Self-portraits as self-exploration

Rembrandt, Self-portrait with Shaded Eyes, 1634, oil on panel, 71.1 x 56cm (The Leiden Collection)

Rembrandt, Self-portrait with Shaded Eyes, 1634, oil on panel, 71.1 x 56 cm (The Leiden Collection)

 

Approximately ten percent of Rembrandt’s output of paintings and prints consisted of self-portraits. This surprisingly high number is even more impressive when you take into account that each print would have existed in numerous copies — perhaps reaching into the hundreds per image.

Why was Rembrandt so captivated with reproducing his own image? Scholars have approached the self-portraits in a variety of ways: as reflections on Rembrandt’s own psychological state, as evidence of the artist’s stylistic and technical development through his life, as a sophisticated technique of self-promotion, and as a means of theorizing about how Rembrandt perceived the role of the artist in society. Fortunately, many of these interpretations can coexist and overlap.

Rembrandt, Self-Portrait with Eyes Wide Open, 1630, etching and drypoint, 5.2 x 4.5 cm (The William M. Ladd Collection Gift of Herschel V. Jones, The Minneapolis Institute of Art)

Rembrandt, Self-Portrait with Eyes Wide Open, 1630, etching and drypoint, 5.2 x 4.5 cm (The William M. Ladd Collection Gift of Herschel V. Jones, The Minneapolis Institute of Art)

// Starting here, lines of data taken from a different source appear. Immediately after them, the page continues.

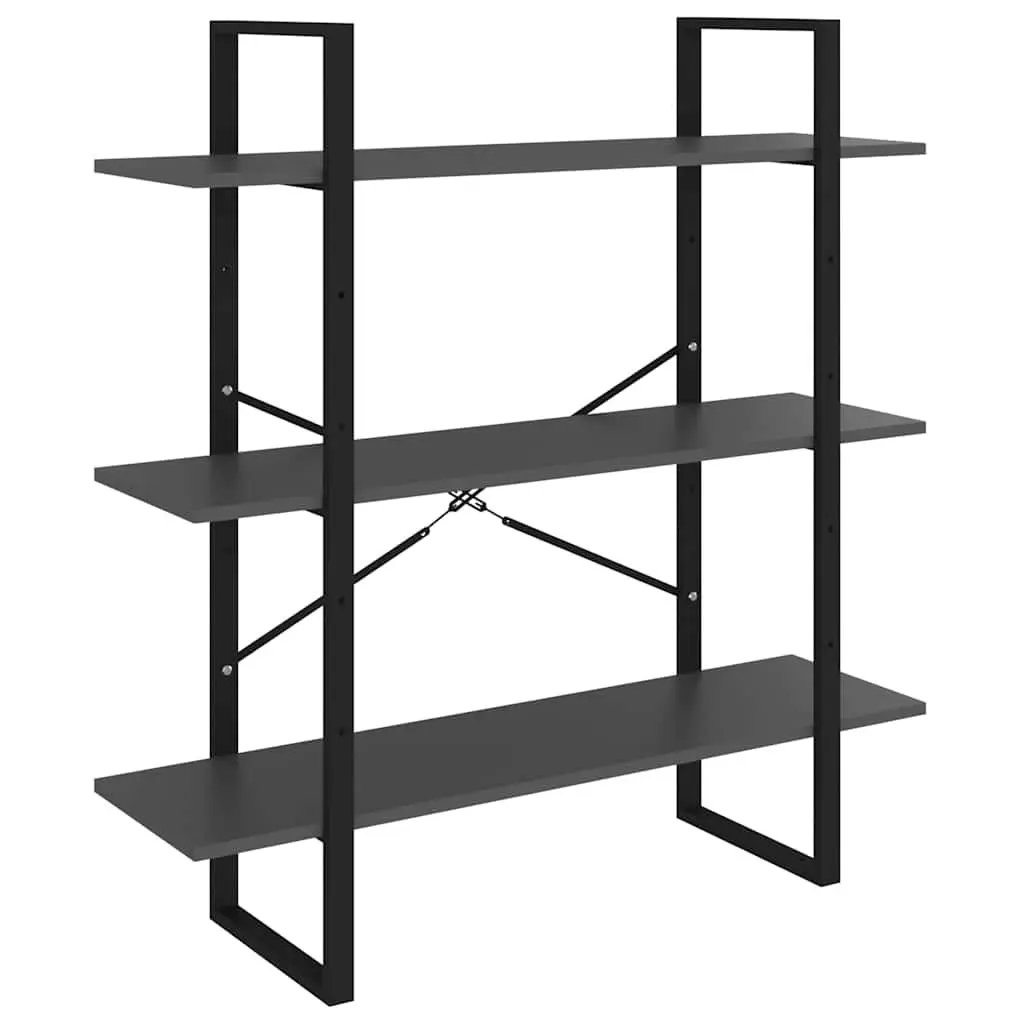 Book Cabinet Engineered Wood Metal Frame 3 Shelves Grey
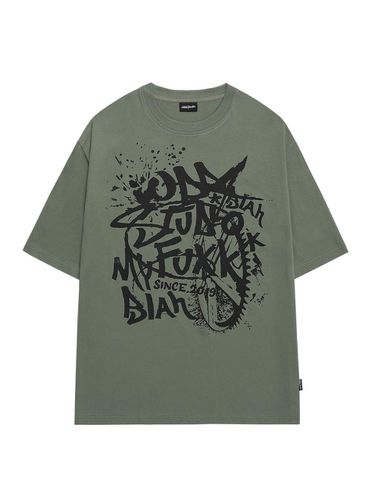 Grunge Graphic Oversized Fit T-shirt - KHAKI - ODD STUDIO - Modalova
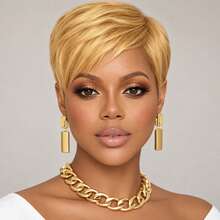 Women's Human Hair Short Wig, Brown With Gold, Style, Layered, With Bangs, No Glue No Front Band, Fully Machine Woven, Easy To Wear - Multicolor - View 11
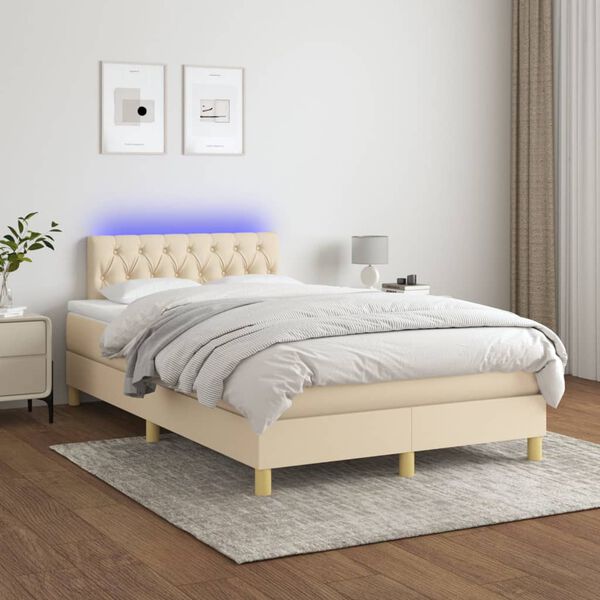 vidaXL &Kappa;&rho;&epsilon;&beta;ά&tau;&iota; Boxspring &mu;&epsilon; &Sigma;&tau;&rho;ώ&mu;&alpha; & LED &Kappa;&rho;&epsilon;&mu; 120x200 &epsilon;&kappa;. &Upsilon;&phi;&alpha;&sigma;&mu;ά&tau;&iota;&nu;&omicron;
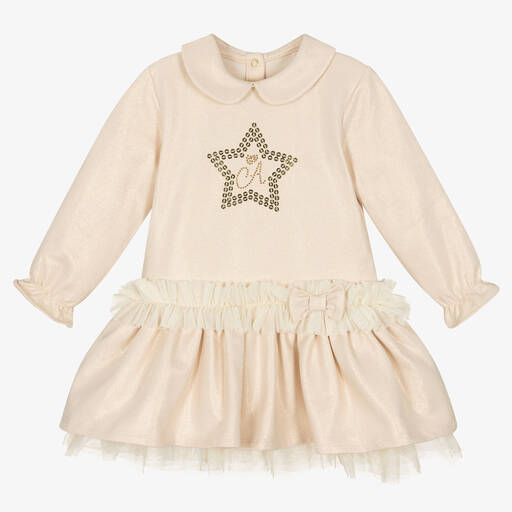 A Dee-Girls Gold Cotton Jersey Dress | Childrensalon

Rembrandt’s almost obsessive relationship with his own visage could be viewed as a process of self-exploration, a way he took stock of who he was at different points in his career. In some ways, this might seem consistent with the seventeenth-century Calvinist mindset within which Rembrandt would have been raised, a mindset that advocated intense personal responsibility for the state of one’s own soul.

Surely, if Calvinist artists were used to routinely scrutinizing their own actions and motives, then also scrutinizing their own faces makes a certain sense (Calvinism became the official religion of the Dutch Republic in 1648). In that regard, many scholars (for example, Perry Chapman) have perceived the self-portraits as deeply personal. This feels very appealing to us as viewers, because we want to try to humanize artists from the past. However, many leading Rembrandt scholars approach autobiographical psychologizing with skepticism because they argue that it is based in an understanding of the self that is rooted in twentieth-century psychological practices.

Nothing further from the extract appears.